▶ YOUR OBJECTIVE:
Each line from the one that contains "Casa de condomínio" through the end of the entries should be repeated exactly, with nothing added.

Items from a dataset
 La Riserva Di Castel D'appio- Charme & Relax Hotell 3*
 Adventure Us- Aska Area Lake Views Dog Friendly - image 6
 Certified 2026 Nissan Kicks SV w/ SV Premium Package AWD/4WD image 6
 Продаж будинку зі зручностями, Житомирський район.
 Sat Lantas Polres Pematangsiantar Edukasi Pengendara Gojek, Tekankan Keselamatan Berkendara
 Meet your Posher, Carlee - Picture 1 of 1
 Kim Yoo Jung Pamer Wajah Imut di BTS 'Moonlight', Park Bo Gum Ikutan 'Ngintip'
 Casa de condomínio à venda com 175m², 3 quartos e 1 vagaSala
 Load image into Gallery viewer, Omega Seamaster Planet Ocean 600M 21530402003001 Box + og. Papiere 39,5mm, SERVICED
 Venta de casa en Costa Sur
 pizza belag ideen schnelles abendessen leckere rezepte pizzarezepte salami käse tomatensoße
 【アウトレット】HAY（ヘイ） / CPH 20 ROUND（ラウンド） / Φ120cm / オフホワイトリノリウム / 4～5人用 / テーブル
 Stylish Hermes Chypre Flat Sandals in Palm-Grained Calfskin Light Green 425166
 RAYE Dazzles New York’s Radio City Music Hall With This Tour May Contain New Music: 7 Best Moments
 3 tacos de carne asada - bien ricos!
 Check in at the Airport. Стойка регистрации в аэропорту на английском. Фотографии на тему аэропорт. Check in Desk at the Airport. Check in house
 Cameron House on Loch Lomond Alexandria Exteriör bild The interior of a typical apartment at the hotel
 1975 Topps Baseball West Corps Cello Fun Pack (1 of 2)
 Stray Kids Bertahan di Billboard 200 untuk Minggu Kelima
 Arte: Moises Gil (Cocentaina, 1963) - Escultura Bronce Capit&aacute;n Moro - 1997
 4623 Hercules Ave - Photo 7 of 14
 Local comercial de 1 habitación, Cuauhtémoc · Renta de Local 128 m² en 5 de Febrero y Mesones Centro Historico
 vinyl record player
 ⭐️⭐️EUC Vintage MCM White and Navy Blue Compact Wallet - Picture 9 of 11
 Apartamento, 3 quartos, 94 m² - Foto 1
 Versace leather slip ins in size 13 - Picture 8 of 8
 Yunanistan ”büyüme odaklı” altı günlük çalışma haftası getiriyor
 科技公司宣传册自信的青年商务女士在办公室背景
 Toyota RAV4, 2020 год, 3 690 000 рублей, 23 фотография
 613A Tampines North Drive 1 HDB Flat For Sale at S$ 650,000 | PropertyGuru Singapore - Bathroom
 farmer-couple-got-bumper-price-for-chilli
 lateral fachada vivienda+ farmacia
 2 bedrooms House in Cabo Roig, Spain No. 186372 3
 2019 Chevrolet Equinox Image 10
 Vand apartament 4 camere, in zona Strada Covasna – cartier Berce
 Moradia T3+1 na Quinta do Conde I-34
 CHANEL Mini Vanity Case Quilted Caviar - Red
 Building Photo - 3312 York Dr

▶ ANSWER FOR THE TASK:
 Casa de condomínio à venda com 175m², 3 quartos e 1 vagaSala
 Load image into Gallery viewer, Omega Seamaster Planet Ocean 600M 21530402003001 Box + og. Papiere 39,5mm, SERVICED
 Venta de casa en Costa Sur
 pizza belag ideen schnelles abendessen leckere rezepte pizzarezepte salami käse tomatensoße
 【アウトレット】HAY（ヘイ） / CPH 20 ROUND（ラウンド） / Φ120cm / オフホワイトリノリウム / 4～5人用 / テーブル
 Stylish Hermes Chypre Flat Sandals in Palm-Grained Calfskin Light Green 425166
 RAYE Dazzles New York’s Radio City Music Hall With This Tour May Contain New Music: 7 Best Moments
 3 tacos de carne asada - bien ricos!
 Check in at the Airport. Стойка регистрации в аэропорту на английском. Фотографии на тему аэропорт. Check in Desk at the Airport. Check in house
 Cameron House on Loch Lomond Alexandria Exteriör bild The interior of a typical apartment at the hotel
 1975 Topps Baseball West Corps Cello Fun Pack (1 of 2)
 Stray Kids Bertahan di Billboard 200 untuk Minggu Kelima
 Arte: Moises Gil (Cocentaina, 1963) - Escultura Bronce Capit&aacute;n Moro - 1997
 4623 Hercules Ave - Photo 7 of 14
 Local comercial de 1 habitación, Cuauhtémoc · Renta de Local 128 m² en 5 de Febrero y Mesones Centro Historico
 vinyl record player
 ⭐️⭐️EUC Vintage MCM White and Navy Blue Compact Wallet - Picture 9 of 11
 Apartamento, 3 quartos, 94 m² - Foto 1
 Versace leather slip ins in size 13 - Picture 8 of 8
 Yunanistan ”büyüme odaklı” altı günlük çalışma haftası getiriyor
 科技公司宣传册自信的青年商务女士在办公室背景
 Toyota RAV4, 2020 год, 3 690 000 рублей, 23 фотография
 613A Tampines North Drive 1 HDB Flat For Sale at S$ 650,000 | PropertyGuru Singapore - Bathroom
 farmer-couple-got-bumper-price-for-chilli
 lateral fachada vivienda+ farmacia
 2 bedrooms House in Cabo Roig, Spain No. 186372 3
 2019 Chevrolet Equinox Image 10
 Vand apartament 4 camere, in zona Strada Covasna – cartier Berce
 Moradia T3+1 na Quinta do Conde I-34
 CHANEL Mini Vanity Case Quilted Caviar - Red
 Building Photo - 3312 York Dr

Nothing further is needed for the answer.